A(-3,-2) B(8,4)are the ends of the diameter of a circle.

the tangent of the circle at point B is -11x+6y+64=0

the line L passes through A and the origin. line L has a gradient of 2/3

what is the coordinates that the line L and tangent at point B cross??

(this question had 4 parts, ive done the first 3 and i think ive got the calculations right. im just stuck on the 4th part)

please help thanks

To find the coordinates where the line L and the tangent at point B cross, we can start by solving the system of equations formed by the line L and the equation of the tangent.

First, let's find the equation of the line L passing through point A(-3, -2) and the origin (0, 0) with a gradient of 2/3.

The gradient-intercept form of a linear equation is given by y = mx + c, where m is the gradient and c is the y-intercept.

Since the line passes through the origin (0, 0), the y-intercept is 0.

So, the equation of line L can be written as y = (2/3)x.

Next, let's find the coordinates where the tangent at point B(8, 4) intersects with line L.

We need to find the coordinates (x, y) that satisfy both the equation of the tangent and the equation of line L.

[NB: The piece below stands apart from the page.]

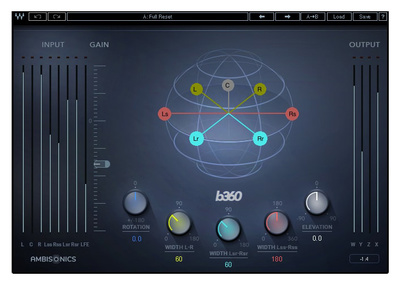 Waves B360 Ambisonics Encoder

Substituting y = (2/3)x into the equation of the tangent, we get:

-11x + 6(2/3)x + 64 = 0

Simplifying the equation:

-11x + 4x + 64 = 0

-7x + 64 = 0

-7x = -64

x = (-64)/(-7)

x = 64/7

Now, substitute x = 64/7 into the equation of line L to find y:

y = (2/3)(64/7)

y = (128/3)/7

y = 128/21

Therefore, the coordinates where the line L and the tangent at point B intersect are (64/7, 128/21).